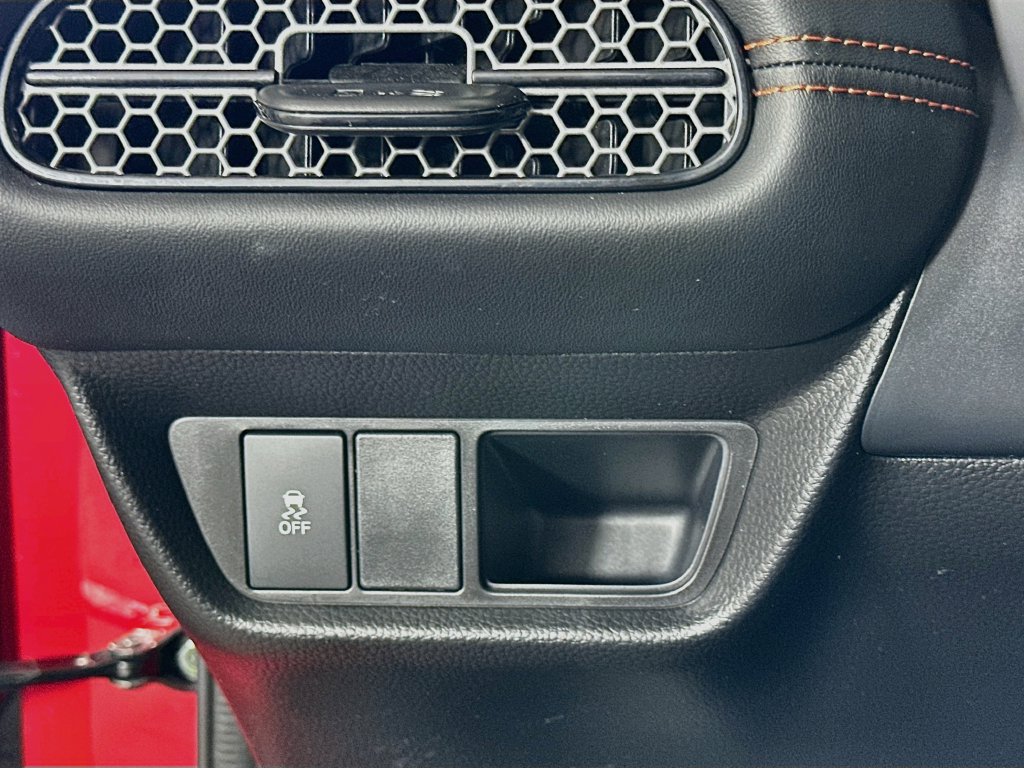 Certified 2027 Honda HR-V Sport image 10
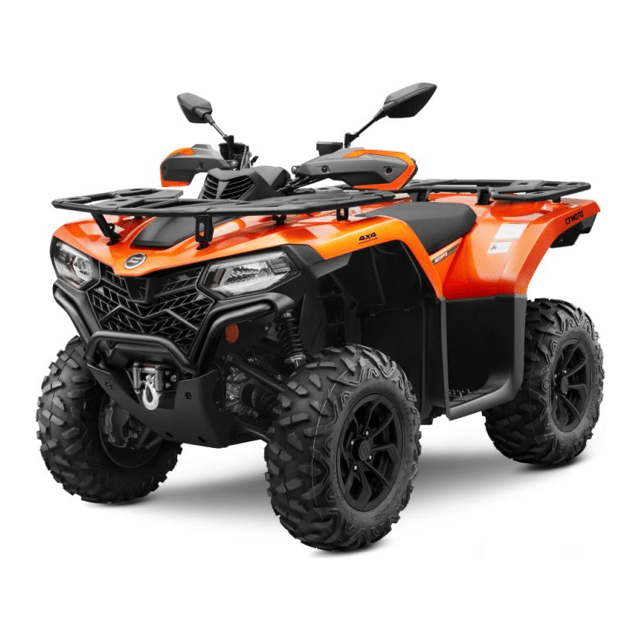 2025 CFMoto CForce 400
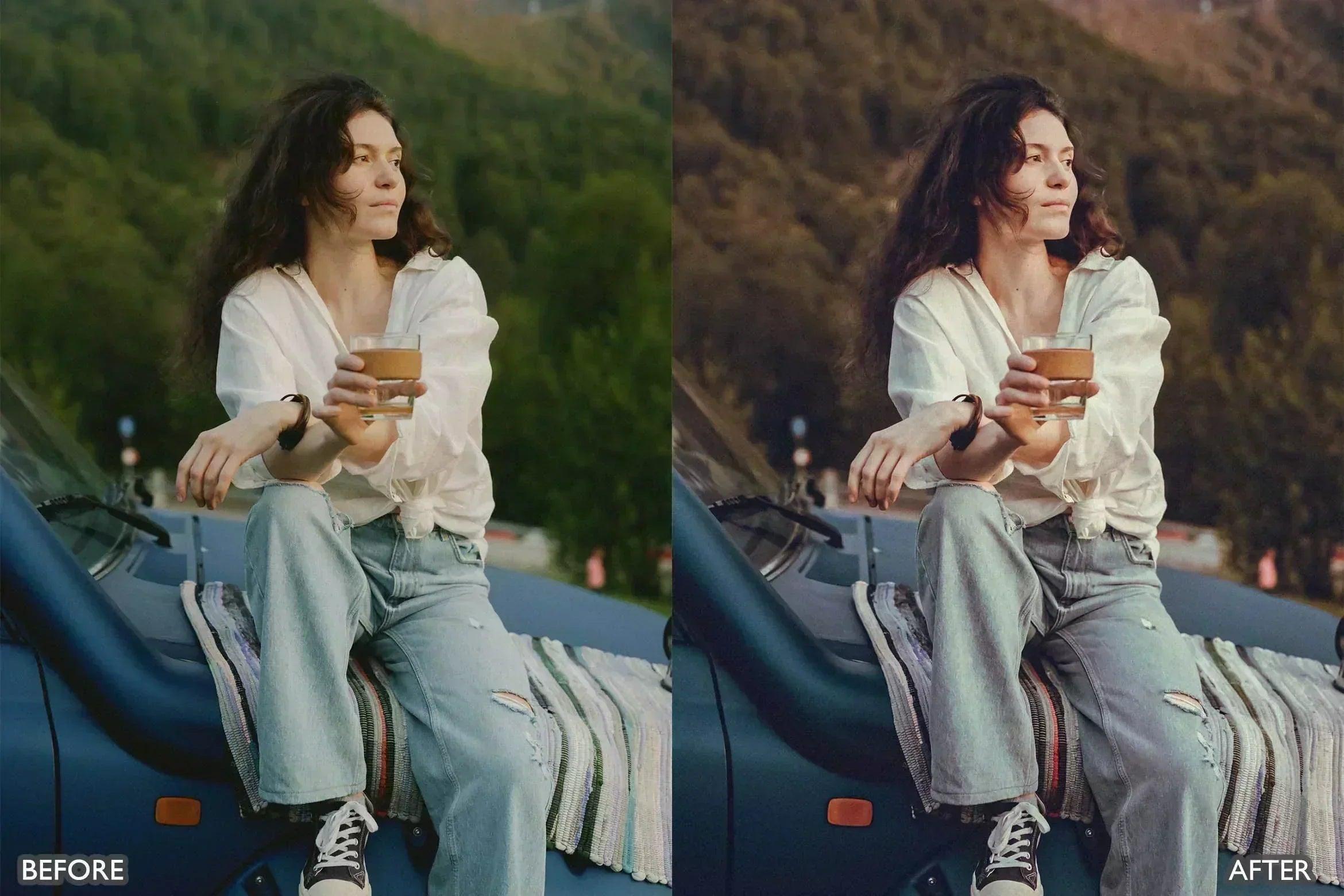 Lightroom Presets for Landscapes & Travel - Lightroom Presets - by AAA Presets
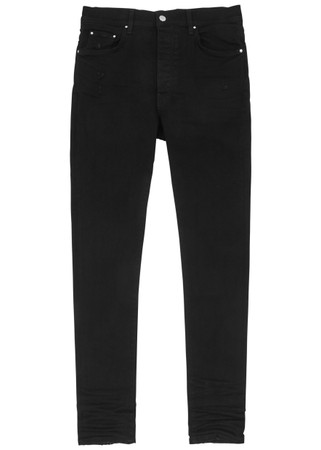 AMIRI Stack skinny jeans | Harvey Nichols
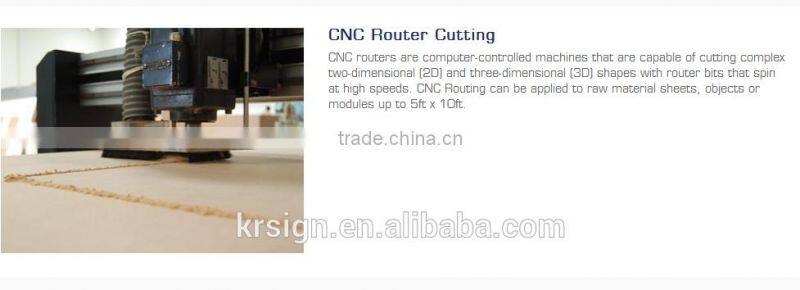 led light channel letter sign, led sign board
==============================
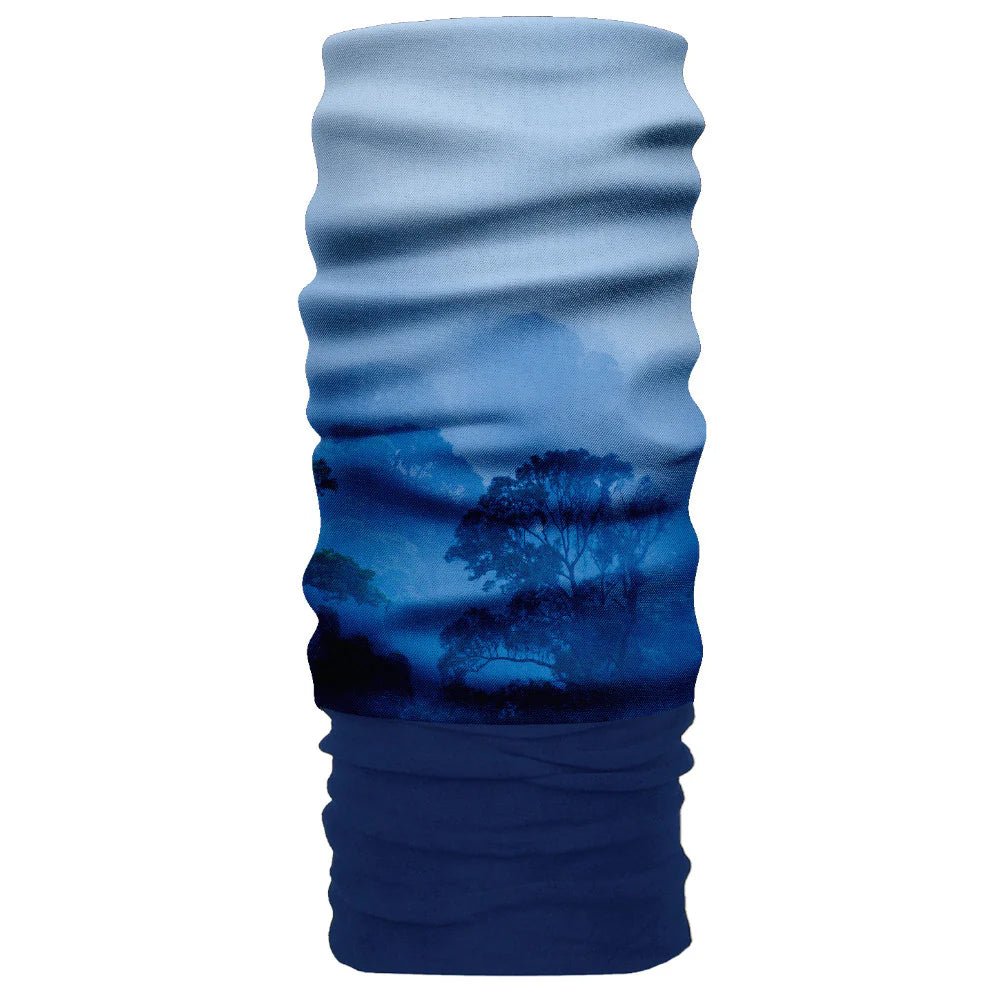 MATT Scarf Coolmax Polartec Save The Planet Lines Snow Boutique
==============================
The lines to reproduce run from the one above containing "Certified 2027 Honda HR-V Sport image 10" through the one containing "led light channel". Copy them exactly and leave out all pictures.

Answer section:
 Certified 2027 Honda HR-V Sport image 10
 2025 CFMoto CForce 400
 Lightroom Presets for Landscapes & Travel - Lightroom Presets - by AAA Presets
 AMIRI Stack skinny jeans | Harvey Nichols
 led light channel letter sign, led sign board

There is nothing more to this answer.